#### [WORK TO COMPLETE]
Through the end of the data below, output every line exactly, beginning with the line that contains "this 250×188 image.".

__________

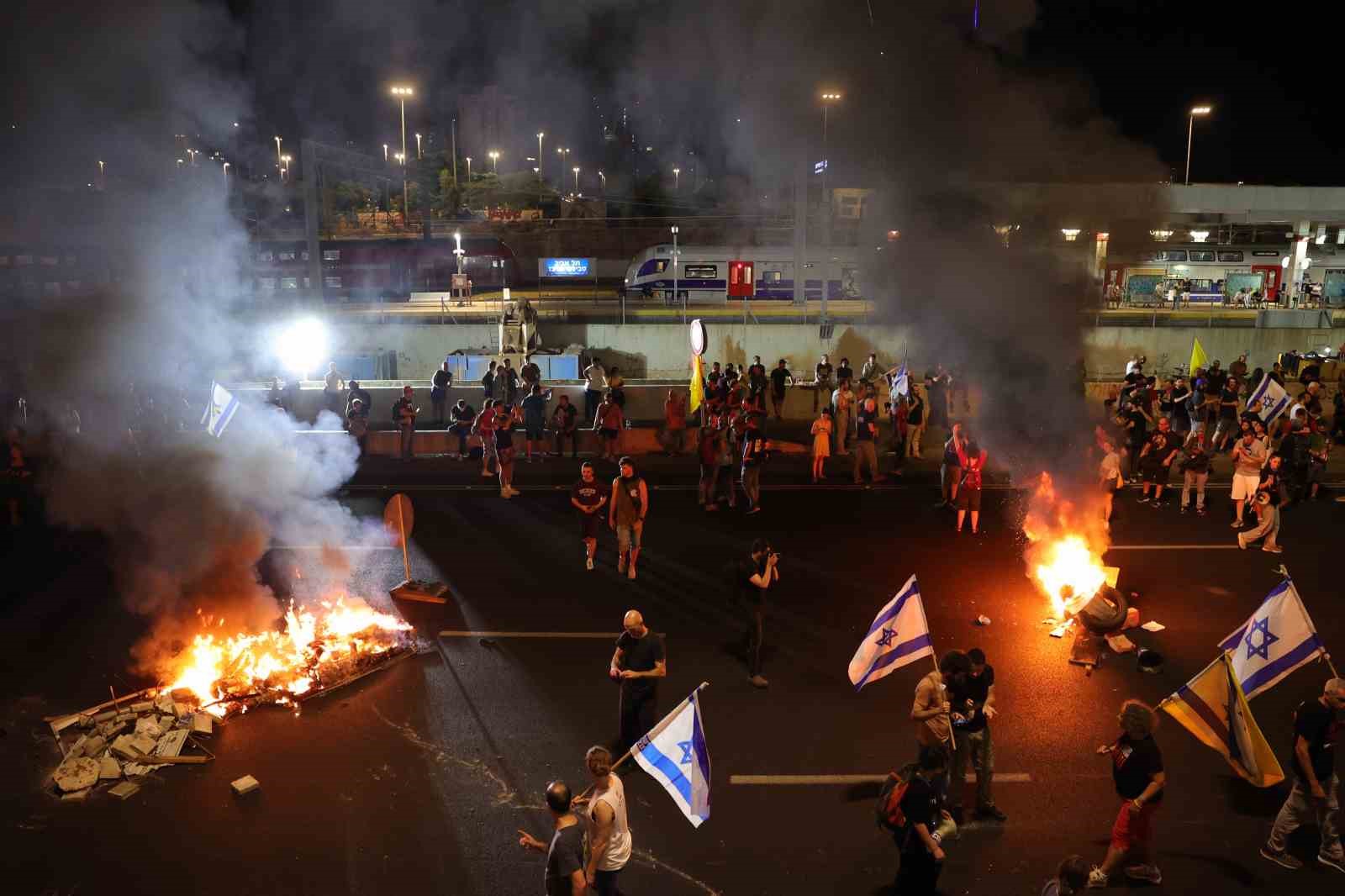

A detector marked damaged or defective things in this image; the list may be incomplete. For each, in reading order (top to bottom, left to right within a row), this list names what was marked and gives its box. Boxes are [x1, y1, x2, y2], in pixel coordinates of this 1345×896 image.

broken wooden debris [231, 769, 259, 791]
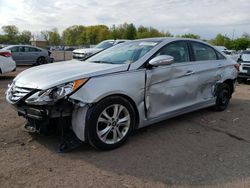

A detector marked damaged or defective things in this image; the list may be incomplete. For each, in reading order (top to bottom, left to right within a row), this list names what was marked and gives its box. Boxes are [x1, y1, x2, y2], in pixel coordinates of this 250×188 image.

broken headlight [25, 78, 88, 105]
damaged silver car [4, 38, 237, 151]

__________

#### [SOLUTION TO THE PROBLEM]
A detector marked damaged or defective things in this image; the list may be incomplete. For each, in reading order (top to bottom, left to right within a row), this list names what was marked and gives its box. Boxes are [x1, y1, x2, y2], in pixel coordinates of this 250×188 image.

broken headlight [25, 78, 88, 105]
damaged silver car [4, 38, 237, 151]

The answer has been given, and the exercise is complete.